Mais toutes les recherches effectuées ces dernières années montrent que chaque communauté s’auto-définit comme les seuls « vrais » Roms en s’estimant plus proche de « ses Gadgés » (celles et ceux qui répondent positivement à leur sollicitation de travail ou d’aide matérielle ou financière), que de la communauté, pour nous toute aussi Rrom, leurs voisins [2]

« … La seule affirmation partagée par tous au niveau le plus général : Nous on n’est pas des Gadgé »

« Pourquoi a-t-on besoin d’une ethnologie de la totalité ?

Parce que le discours que tient l’ethnologie sur chaque communauté « tsigane » est différent du discours que tiennent et le sens commun et les autres sciences sociales (…) La vision de l’Histoire (un peuple persécuté ou un « peuple-résistant ») et celle de la Sociologie (un problème social) ne concordent pas avec la vision qui ressort des monographies ethnologiques : des communautés (…) qui luttent pour établir et maintenir leur autonomie, leur cohésion, pour construire un mode d’organisation spécifique, pour partager une façon de vivre et pour assurer leur perpétuation. »
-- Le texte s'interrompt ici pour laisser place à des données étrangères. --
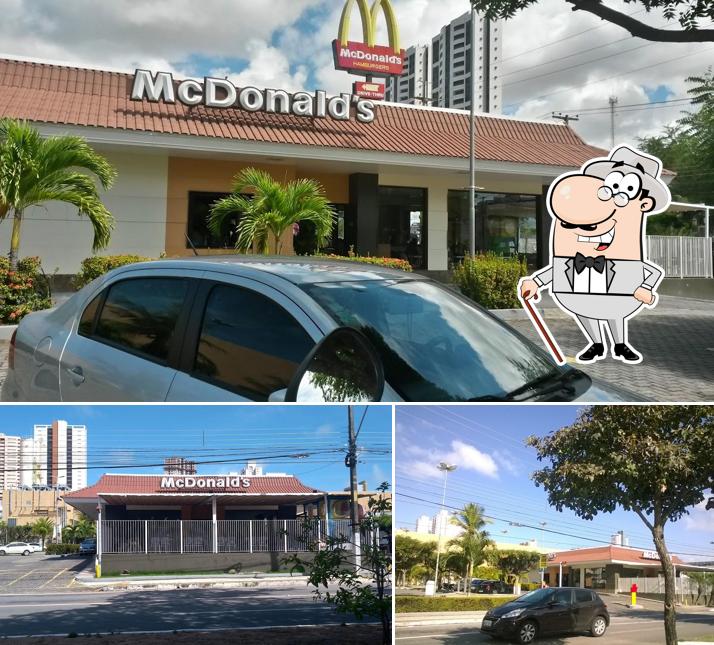 Desfrute da vista da área externa do McDonald's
Un livre important par sa prise en compte de la complexité, au-delà des stéréotypes (que ceux-ci soient négatifs ou positifs !) [3]

Dominique Gérardin, Lille, 10 juin 2023

[1] Le problème des termes utilisés est difficile à résoudre : dans les citations j’ai évidemment gardé la graphie des auteurs, pour le reste peu de règles, étant entendu que même pour les communautés ayant conservé l’usage de la Rromani chib (Langue rromani) toutes ne se reconnaissent pas comme « Rroms », pour ne pas parlers évidemment des Gitanos qui ne parlent pas cette langue.
[2] Les jeunes Kabudzis (un des 4 groupes de Rroms albanais) en Crète, que j’ai fréquenté activement pendant 5 ans, se moquaient ouvertement des Rromnia roumaines qui gardaient l’habillement dit traditionnel (longues jupes, collier de pièces « d’or » etc…) alors que tous et toutes se livraient aux mêmes activités. Ignorance de la communauté autre qui se manifeste par un dénigrement et l’utilisation de qualificatifs dépréciatifs !
[3] Patrick Williams aborde à plusieurs reprises le fait que vis-à-vis des Gadgés les Rroms peuvent « jouer » à « faire le tsigane », (selon les cas sérieusement ou avec humour), à Athènes la famille qui m’héberge me propose de faire la sieste et deux minutes après revient pour me signaler que j’ai laissé ma sacoche sur la table et qu’il faut la mettre sous l’oreiller. Pourquoi ? « Mais voyons Dominique, tu sais bien que nous sommes des voleurs ! », le tout avec un grand sourire !

Patrick Williams : Tsiganes ou ces inconnus qu’on appelle aussi Gitans, Bohémiens, Roms, Gypsies, Manouches, Rabouins, Gens du voyage… 601 pages.